Failure Pattern Shift:
- GUI baseline: 53.3% were mechanical errors (misclicks, wrong control IDs).
- GOI: 81% were strategic errors (semantic misunderstandings).
👉 LLMs now fail due to reasoning problems, not navigation — a healthier bottleneck.


---
Industry Trend: Separating Strategy From Execution
Platforms like AiToEarn官网 show the benefits of this philosophy at scale:
- Open-source global AI content monetization
- Supports publishing to Douyin, Kwai, WeChat, Bilibili, Xiaohongshu, Facebook, Instagram, LinkedIn, Threads, YouTube, Pinterest, Twitter/X
- AI focuses on creative strategy, while automation handles cross-platform content delivery.

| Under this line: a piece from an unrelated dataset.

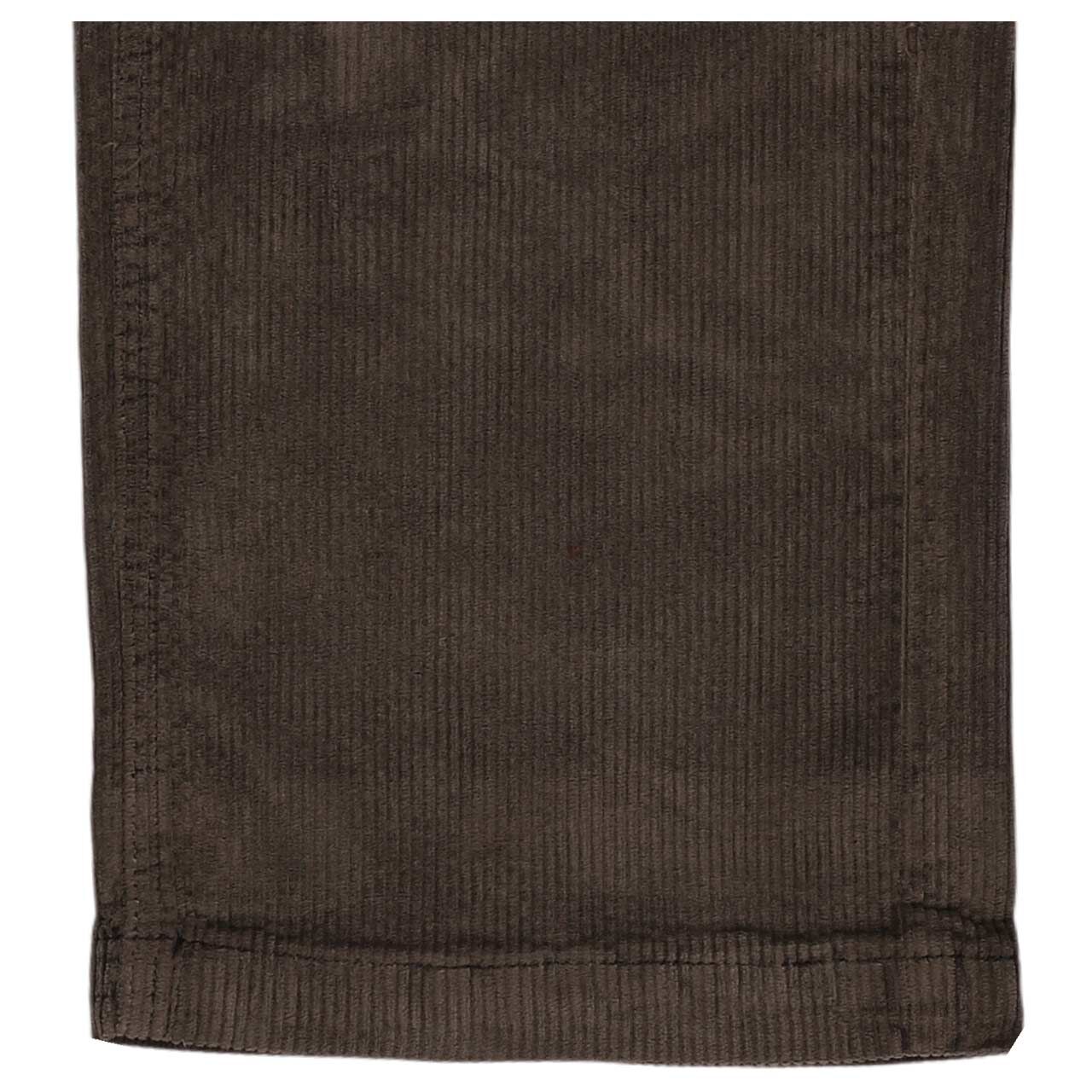 Stretch Damen Cordhose Straight Pants Corduroy von Buena Vista in Dunkelbraun, Detailansicht Saum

AiToEarn博客 extends this with analytics and model rankings — a model that echoes GOI principles in content creation.
---
Should OS and Apps Provide “LLM-Friendly” Declarative Interfaces?
Potential Benefits:
- Structured semantics – Functions and parameters defined clearly.
- Goal-driven APIs – Commands describe end states, not step-by-step actions.
- Cross-platform standards – Agents learn once, apply everywhere.
- Safety metadata – Context on permissions and side-effects for reliable execution.
Possible Use Case
A productivity AI could:
- Schedule meetings across calendar apps
- Draft and edit documents
- Summarize discussions
- Distribute outputs via email/messaging
All without fragile UI parsing.
---
📄 Paper link: https://arxiv.org/abs/2510.04607 — for full technical details.
---
In Short:
GOI demonstrates that freeing LLMs from mechanical tasks dramatically improves performance.
Future OSes and apps should consider declarative, LLM-friendly interfaces to unlock agents that are faster, more reliable, and better at strategic reasoning.